Поэтически Марина Саввиных делает большую и важную работу, которую русская душа, по Достоевскому, должна выполнить на уровне исторического и общечеловеческого бытия. Как русский народ примиряет между собой и соединяет в общий лейтмотив идеи и судьбы разных народов, так чуткий талант Марины откликается голосам других культов и тишине чужих пантеонов и некрополей. И эта симфония – эта симпатия – делает ее русской и родной.
У нее Иудея, Рим и Эллада («Я ощущаю – страшную – ответственность за Гомера, // За Геликон, возвышенный, как Прометеев вздох»); Польша, Украина и Грузия («Грузия моя, где же ты? // Или по взыскании предела, // Искусившись зла и срамоты, // Автандил стреляет в Тариэла?»); Дагестан, Кабарда, Чечня и Осетия («О Кавказ, тоску вражды и мщения // Утолив на переправе дальней, // Русский дух взыскует очищения // В роковой твоей исповедальне»).
Нужно обладать известной мягкостью, чтобы быть восприимчивым к другим голосам, и надо обладать твердостью скалы, чтобы служить «эхом мира». Эта коллизия органично разрешается в переводческом творчестве Марины Саввиных. Ее «Мосты над облаками» – вовсе не воздушные замки; это замечательный образец реалистического литературного зодчества, а последние переводы из современной поэзии Северного Кавказа, органично дополняющие этот очерковый цикл, отличаются качеством, которого редко достигали и при советском литературоцентризме.
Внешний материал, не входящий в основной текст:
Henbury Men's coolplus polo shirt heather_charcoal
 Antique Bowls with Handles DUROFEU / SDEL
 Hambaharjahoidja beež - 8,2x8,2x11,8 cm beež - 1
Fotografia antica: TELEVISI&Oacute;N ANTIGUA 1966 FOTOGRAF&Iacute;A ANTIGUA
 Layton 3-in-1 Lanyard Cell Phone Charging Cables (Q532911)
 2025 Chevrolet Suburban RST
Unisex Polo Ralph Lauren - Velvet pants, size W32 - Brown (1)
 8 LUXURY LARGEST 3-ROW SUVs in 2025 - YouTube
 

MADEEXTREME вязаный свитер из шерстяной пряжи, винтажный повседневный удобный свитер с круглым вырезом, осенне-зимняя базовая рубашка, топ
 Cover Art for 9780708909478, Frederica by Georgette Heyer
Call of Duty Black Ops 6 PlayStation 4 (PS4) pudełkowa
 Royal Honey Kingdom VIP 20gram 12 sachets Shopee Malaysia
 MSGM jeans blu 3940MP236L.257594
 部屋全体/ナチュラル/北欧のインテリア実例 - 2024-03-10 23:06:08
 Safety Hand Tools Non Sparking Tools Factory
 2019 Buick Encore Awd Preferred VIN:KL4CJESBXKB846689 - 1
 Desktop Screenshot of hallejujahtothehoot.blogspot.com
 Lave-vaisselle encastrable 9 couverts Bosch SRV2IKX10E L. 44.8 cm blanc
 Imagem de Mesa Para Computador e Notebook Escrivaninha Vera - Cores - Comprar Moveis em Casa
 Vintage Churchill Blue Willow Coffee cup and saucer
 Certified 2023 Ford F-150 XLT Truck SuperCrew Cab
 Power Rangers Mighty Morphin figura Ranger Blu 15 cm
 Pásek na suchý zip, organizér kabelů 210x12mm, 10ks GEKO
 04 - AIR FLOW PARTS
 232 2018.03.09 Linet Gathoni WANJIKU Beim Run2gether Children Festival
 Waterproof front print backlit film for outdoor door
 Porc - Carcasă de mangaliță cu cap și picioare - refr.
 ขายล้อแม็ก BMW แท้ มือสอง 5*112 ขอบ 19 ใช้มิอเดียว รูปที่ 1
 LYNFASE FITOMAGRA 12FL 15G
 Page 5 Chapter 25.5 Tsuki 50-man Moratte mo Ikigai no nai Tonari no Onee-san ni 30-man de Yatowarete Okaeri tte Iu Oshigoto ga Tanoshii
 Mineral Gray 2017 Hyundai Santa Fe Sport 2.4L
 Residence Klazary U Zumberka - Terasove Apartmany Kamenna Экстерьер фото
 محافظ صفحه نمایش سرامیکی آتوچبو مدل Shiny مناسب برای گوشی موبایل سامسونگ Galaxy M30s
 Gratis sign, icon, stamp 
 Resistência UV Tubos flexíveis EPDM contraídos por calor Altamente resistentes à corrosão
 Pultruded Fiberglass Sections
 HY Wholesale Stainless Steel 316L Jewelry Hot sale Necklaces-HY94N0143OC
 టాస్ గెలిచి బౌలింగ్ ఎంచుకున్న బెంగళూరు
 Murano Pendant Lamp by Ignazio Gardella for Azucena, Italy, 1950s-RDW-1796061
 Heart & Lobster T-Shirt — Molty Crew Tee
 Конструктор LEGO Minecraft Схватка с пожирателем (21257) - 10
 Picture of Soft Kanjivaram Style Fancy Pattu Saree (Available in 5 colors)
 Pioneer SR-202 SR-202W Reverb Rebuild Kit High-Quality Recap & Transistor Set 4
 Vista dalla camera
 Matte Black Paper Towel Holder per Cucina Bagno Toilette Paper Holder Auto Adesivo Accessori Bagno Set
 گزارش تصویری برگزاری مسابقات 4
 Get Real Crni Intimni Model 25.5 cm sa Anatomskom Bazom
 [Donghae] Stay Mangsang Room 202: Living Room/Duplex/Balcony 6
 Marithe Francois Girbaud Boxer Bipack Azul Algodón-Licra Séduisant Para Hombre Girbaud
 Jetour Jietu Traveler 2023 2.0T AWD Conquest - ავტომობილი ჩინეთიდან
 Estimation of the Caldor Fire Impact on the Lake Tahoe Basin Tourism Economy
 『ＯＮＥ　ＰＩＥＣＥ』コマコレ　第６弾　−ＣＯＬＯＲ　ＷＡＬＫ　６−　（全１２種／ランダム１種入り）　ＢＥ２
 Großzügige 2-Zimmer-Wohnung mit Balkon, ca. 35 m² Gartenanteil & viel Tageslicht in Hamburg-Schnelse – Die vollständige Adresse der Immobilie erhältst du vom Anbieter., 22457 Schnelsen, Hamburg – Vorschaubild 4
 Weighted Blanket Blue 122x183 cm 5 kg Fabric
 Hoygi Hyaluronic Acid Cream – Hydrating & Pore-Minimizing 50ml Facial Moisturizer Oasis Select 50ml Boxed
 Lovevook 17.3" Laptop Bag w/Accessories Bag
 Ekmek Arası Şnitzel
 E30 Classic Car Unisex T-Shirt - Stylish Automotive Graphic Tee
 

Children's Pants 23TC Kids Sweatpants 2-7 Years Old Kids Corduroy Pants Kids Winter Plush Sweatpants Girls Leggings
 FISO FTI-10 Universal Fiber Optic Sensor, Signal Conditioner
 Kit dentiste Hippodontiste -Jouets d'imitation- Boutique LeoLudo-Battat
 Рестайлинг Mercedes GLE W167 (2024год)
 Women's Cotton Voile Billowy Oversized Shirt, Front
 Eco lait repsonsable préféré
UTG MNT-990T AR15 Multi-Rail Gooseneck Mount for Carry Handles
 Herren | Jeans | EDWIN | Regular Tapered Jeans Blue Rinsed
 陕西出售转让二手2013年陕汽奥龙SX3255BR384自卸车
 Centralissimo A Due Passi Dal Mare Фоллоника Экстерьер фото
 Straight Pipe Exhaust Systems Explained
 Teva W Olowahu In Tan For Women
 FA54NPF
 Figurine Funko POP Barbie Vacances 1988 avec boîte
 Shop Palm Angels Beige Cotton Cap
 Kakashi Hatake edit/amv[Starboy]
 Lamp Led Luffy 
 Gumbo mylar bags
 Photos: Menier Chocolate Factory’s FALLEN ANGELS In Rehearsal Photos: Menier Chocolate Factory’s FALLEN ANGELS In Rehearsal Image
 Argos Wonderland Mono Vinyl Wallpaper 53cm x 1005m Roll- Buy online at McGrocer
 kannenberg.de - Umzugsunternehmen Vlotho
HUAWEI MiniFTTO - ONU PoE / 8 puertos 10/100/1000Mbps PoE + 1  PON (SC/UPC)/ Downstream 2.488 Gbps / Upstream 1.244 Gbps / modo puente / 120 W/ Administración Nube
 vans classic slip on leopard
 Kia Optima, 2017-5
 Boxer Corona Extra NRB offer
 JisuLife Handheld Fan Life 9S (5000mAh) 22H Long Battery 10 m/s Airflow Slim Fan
Она переводит не стихи, а реальность. Ей надо увидеть человека, услышать его речь, его смех, потрогать деревья в его саду и воровски набрать простых каштанов. Вот почему в ее переводах есть свои основания бытия; они хороши безотносительно к оригиналу и полны собственных, Марины, открытий, легко и естественно развивающих лучшие образы и интенции оригинала. Текст ее перевода – литой и плотный, в нем нет обидных трещин и щербинок, – и всегда делает честь оригиналу: «Нет за полночь огня – и над тобой // Уже не будет солнечного света…» // Смотри, не верь тому, кто скажет это. // Так говорит о свете лишь слепой».